Re: i18n: looking for expertise

From: klappnase (klappnase_at_web.de)
Date: 03/10/05


Date: 10 Mar 2005 07:58:52 -0800


"stewart.midwinter@gmail.com" <stewart.midwinter@gmail.com> wrote in message news:<1110384648.779852.81580@o13g2000cwo.googlegroups.com>...
> Michael:
>
> on my box, (winXP SP2), sys.getfilesystemencoding() returns 'mbcs'.
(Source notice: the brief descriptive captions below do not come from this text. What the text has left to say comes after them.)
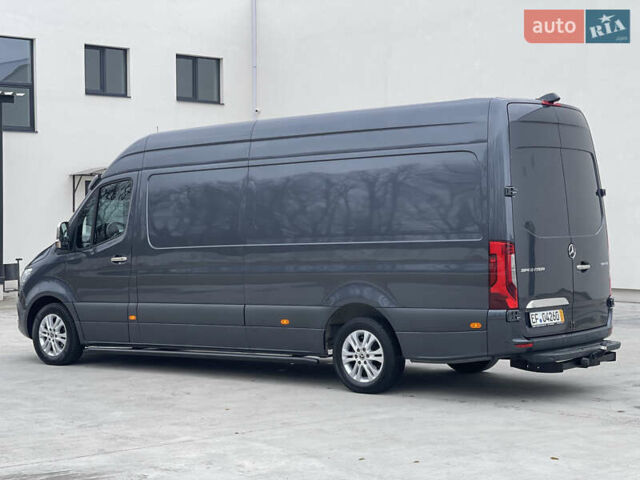 Серый Мерседес Sprinter, объемом двигателя 2.2 л и пробегом 170 тыс. км за 40500 $, фото 4 на Automoto.ua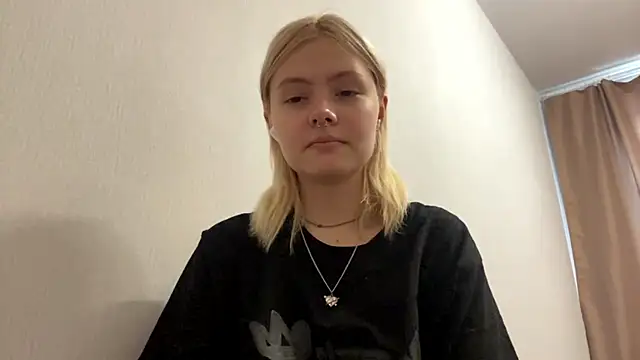 Snapshot of Jeneienal_1 chatting on 07-25-26, 02:47 Jeneienal 1 online show from 07-25-26, 02:47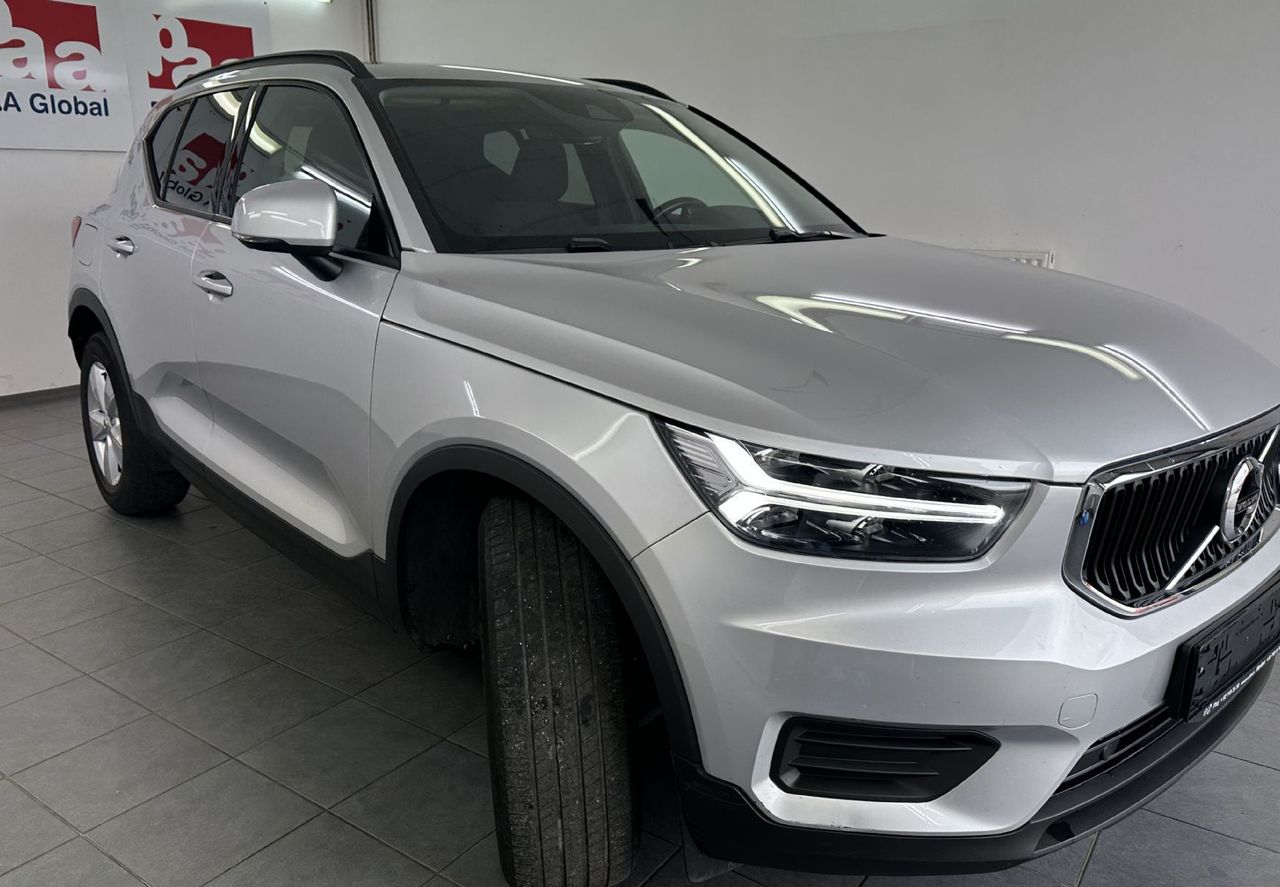 Zunanja slika - Volvo XC40 - D3 AWD Momentum Avt. KAMERA.NAVI.ALU.4X4.TOP - 2
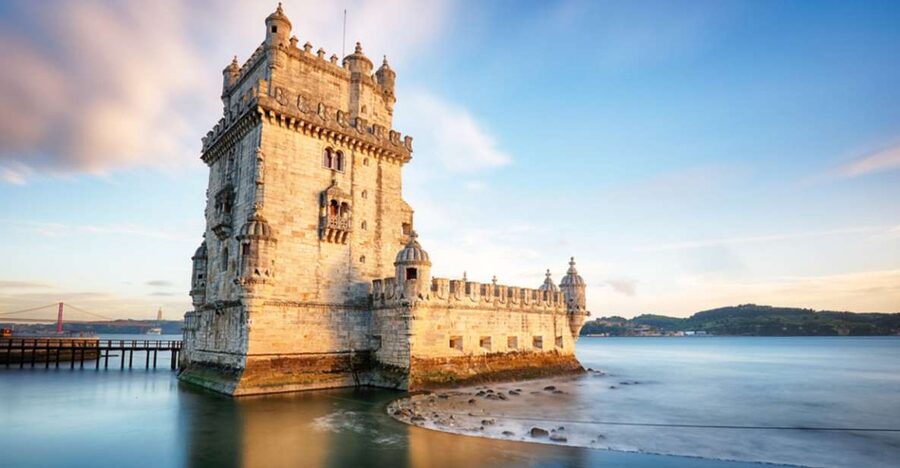 Half-Day Private Tour in Lisbon - A comfortable 4 hour Lisbon plan, with pickup and WiFi included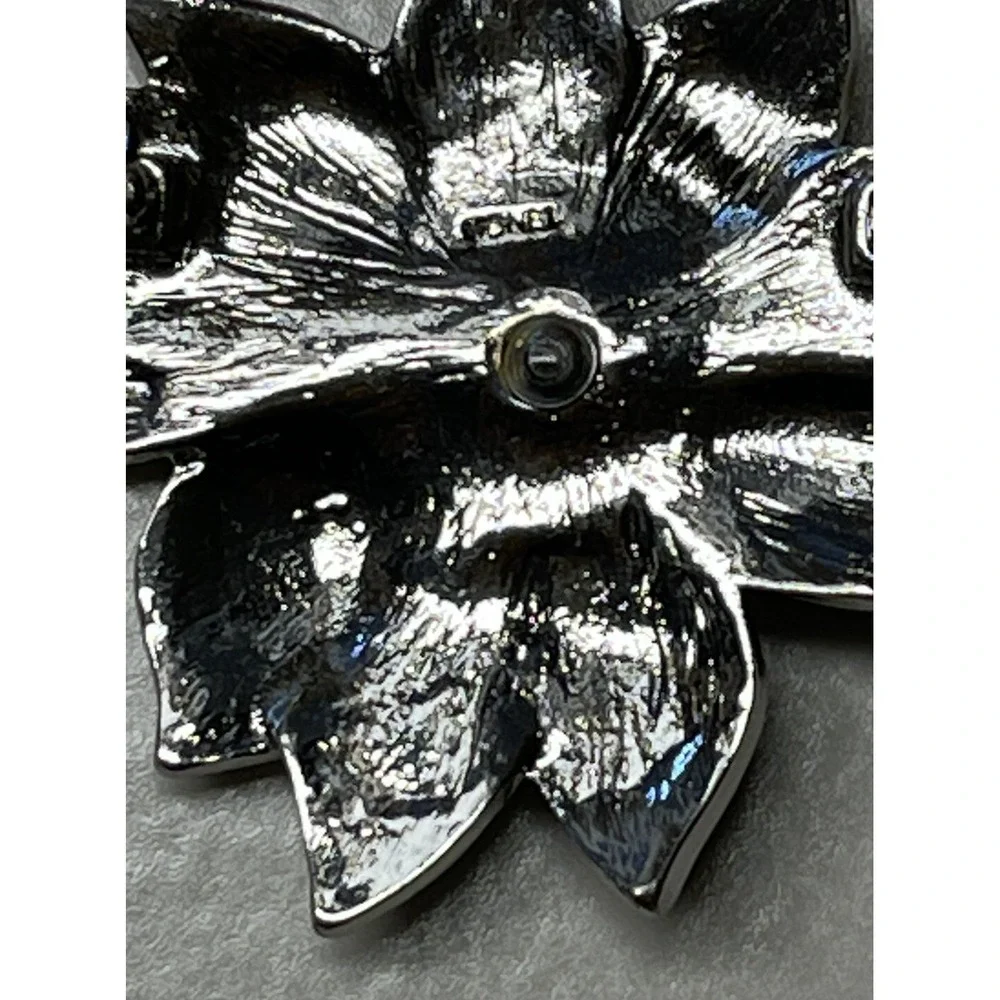 MONET Christmas Pin RHINESTONE Pointsetta Floral Brooch Estate COSTUME JEWELRY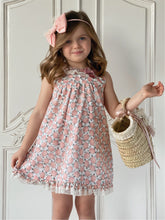 Laden Sie das Bild in den Galerie-Viewer.Linen Oversized Bow Hairband with Dried Gypsophila - Salmon
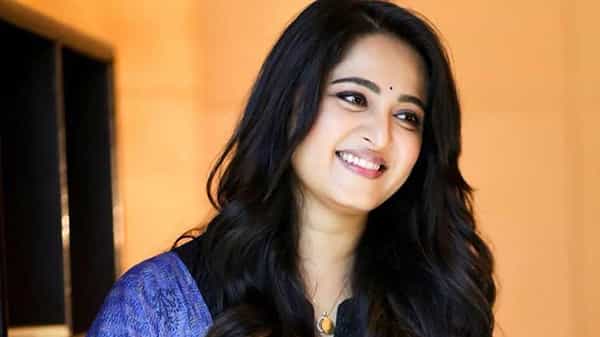 Anushka Shetty : సాధువులతో స్వీటీ.. నెట్టింట చక్కర్లు కొడుతున్న అనుష్క రేర్ ఫోటోలు..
Oh, from the reading docs I had thought XP would use unicode:

* On Windows 9x, the encoding is ``mbcs''.
* On Mac OS X, the encoding is ``utf-8''.
* On Unix, the encoding is the user's preference according to the
result of nl_langinfo(CODESET), or None if the nl_langinfo(CODESET)
failed.
* On Windows NT+, file names are Unicode natively, so no conversion is
performed.

Maybe that's for compatibility between different Windows flavors.

>
> If you post your revised solution to this unicode problem, I'd be
> delighted to test it on Windows. I'm working on a Tkinter front-end
> for Vivian deSmedt's rsync.py and would like to address the issue of
> accented characters in folder names.
>
> thanks
> Stewart
> stewart dot midwinter at gmail dot com

I wrote it for use with linux only, and it looks like using the system
encoding as I try to guess it in my UnicodeHandler module (see the
first post) is fine there.

When on windows the filesystemencoding differs from what I get in
UnicodeHandler.sysencoding I guess I would have to define separate
convenience methods for decoding/encoding filenames with sysencoding
replaced with sys.getfilesystemencoding()( I found the need for these
convenience methods when I discovered that some strings I used were
sometimes unicode and sometimes not, and I have a lot of interactions
between several modules which makes it hard to track which I have
sometimes).

Tk seems to be pretty smart on handling unicode, so using unicode for
everything that's displayed on tk widgets should be ok (I hope).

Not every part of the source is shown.